Turkey signs defence deals with Libya
Libya’s Tripoli-based Prime Minister Abdulhamid Dbeibah signed two deals with Turkey’s defence minister on Tuesday, relying on a controversial agreement in 2019, The Times of Israel reported on Tuesday.
Dbeibah’s administration said that the deals included “implementation protocols for the security agreement” signed in 2019 by authorities in Tripoli, eastern-based military chief Khalifa Haftar.
Libya has been divided between two rival administrations following the 2011 NATO-backed revolt that removed the country’s strongman Muammar Gaddafi from power. While Dbeibah backed by the NATO controls the west, the government of former interior minister Fathi Bashagha, backed by Haftar, holds the eastern parts of the country.
Tuesday’s statement did not reveal further details, The Times of Israel said.
The 2019 deal allowed Turkey to explore gas reservoir in contested waters in the eastern Mediterranean that antagonized Greece, France and the European Union.
Following the deal, Turkey supplied drones to Tripoli-based forces changing the course of the battles.

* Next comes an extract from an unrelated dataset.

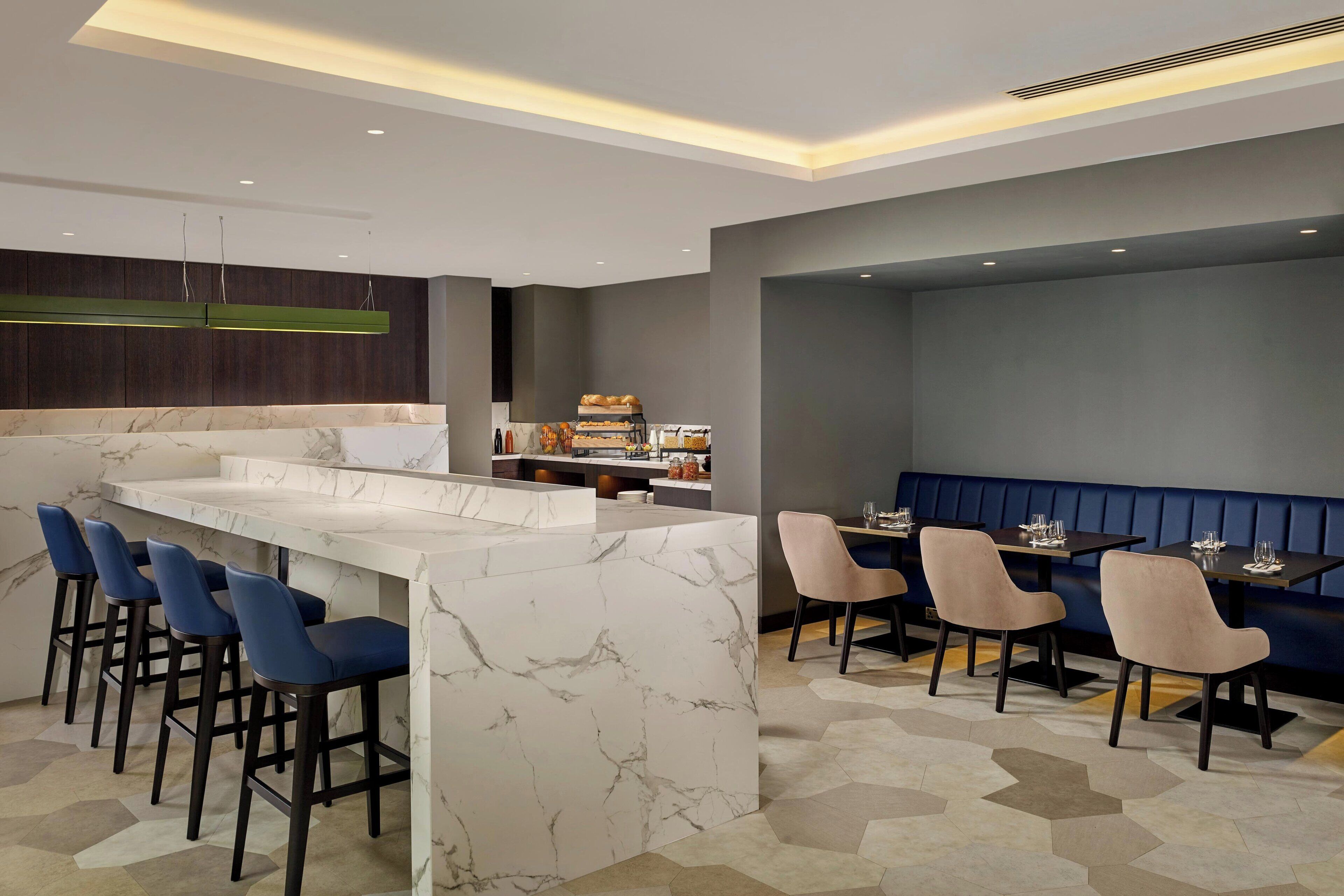 A modern bar area with marble countertops, bar stools, and a seating area with tables and chairs.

Dbeibah was thus able to defeat Haftar’s forces backed by Russia and the United Arab Emirates.
The second deal signed on Tuesday will “boost the capacity of Libya’s air force using Turkish expertise,” the statement said.
Dbeibah visited a defence exhibition in Turkey.

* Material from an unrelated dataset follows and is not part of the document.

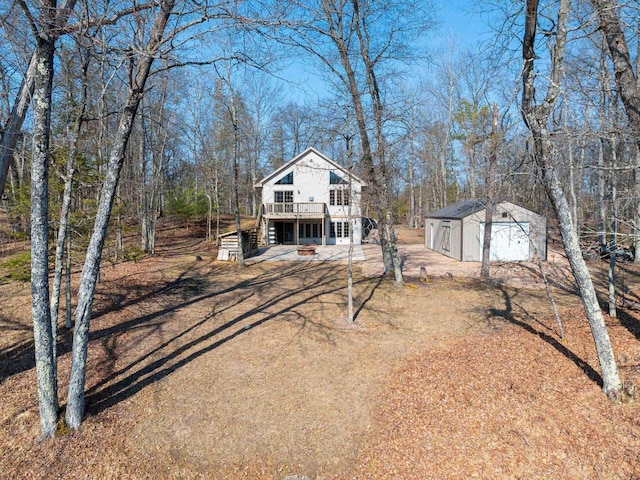 view of front of house with an outdoor structure, stairway, a deck, and a shed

On October 3, Turkey’s Foreign Minister Mevlut Cavusoglu signed a deal in Tripoli which would allow Turkey to explore oil and gas resources in Libya’s Mediterranean waters.
The deal in October relied on the 2019 deal which defined the countries’ shared maritime borders and angered Greece and Cyprus.
However, the rival administration in country’s east rejected the deal as well as neighbouring Egypt, insisting that Dbeibah’s term had already expired.